Items listed in a dataset:
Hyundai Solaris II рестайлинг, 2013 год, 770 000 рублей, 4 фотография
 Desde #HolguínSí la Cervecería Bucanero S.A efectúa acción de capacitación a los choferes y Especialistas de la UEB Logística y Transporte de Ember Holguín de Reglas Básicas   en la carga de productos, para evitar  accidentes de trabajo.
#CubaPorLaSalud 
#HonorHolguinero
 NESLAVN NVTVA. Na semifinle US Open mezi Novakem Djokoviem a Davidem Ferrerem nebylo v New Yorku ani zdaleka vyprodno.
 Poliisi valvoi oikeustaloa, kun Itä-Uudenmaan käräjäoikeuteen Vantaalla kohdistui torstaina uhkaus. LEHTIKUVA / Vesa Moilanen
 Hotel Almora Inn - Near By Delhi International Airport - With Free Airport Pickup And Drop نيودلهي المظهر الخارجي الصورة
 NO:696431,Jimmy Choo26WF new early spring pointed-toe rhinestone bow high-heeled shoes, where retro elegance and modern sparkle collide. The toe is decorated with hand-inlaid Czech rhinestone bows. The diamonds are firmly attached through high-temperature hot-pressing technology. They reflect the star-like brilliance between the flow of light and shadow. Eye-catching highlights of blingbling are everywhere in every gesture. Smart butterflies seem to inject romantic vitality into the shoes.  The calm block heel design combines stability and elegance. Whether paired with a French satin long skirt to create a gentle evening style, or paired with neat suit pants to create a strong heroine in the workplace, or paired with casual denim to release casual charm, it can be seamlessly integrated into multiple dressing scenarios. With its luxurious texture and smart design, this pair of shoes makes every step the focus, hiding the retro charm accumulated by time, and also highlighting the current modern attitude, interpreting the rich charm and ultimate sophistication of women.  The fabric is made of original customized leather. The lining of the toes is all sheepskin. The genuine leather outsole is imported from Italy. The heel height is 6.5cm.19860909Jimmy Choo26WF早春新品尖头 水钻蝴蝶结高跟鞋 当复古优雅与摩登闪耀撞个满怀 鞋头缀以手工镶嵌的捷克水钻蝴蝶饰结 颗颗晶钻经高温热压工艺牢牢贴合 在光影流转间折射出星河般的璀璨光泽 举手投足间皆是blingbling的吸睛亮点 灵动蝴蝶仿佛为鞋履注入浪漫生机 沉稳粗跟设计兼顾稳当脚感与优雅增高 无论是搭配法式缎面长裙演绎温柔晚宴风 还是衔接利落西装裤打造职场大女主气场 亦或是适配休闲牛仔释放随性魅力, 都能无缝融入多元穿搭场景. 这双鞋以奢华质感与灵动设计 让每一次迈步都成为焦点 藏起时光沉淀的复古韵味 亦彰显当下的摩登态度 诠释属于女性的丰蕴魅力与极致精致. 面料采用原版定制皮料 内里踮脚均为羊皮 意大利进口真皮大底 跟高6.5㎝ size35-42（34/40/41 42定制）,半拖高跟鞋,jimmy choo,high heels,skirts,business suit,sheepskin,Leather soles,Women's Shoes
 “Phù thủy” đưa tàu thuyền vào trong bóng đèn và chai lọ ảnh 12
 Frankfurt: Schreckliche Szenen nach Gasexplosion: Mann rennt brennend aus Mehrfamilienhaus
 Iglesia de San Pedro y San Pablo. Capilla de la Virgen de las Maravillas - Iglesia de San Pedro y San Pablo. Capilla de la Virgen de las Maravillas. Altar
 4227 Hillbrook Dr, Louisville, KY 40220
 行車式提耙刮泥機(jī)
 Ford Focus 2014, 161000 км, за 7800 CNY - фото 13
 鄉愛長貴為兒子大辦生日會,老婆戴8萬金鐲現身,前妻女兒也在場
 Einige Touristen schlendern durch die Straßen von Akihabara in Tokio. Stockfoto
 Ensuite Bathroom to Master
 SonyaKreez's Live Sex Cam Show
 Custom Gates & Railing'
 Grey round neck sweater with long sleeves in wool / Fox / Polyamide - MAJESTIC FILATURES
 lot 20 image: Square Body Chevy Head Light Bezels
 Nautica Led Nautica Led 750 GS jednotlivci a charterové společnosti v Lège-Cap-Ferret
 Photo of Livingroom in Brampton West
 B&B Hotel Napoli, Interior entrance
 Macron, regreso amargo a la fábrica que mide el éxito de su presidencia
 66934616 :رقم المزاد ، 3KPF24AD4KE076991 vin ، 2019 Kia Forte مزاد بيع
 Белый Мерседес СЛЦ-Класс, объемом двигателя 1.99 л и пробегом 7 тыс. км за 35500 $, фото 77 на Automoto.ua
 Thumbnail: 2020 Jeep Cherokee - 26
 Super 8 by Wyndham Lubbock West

ABOUT THIS EXERCISE:
If a line in the records above includes the string "West", copy it.

SOLVED PROBLEM:
 Photo of Livingroom in Brampton West
 Super 8 by Wyndham Lubbock West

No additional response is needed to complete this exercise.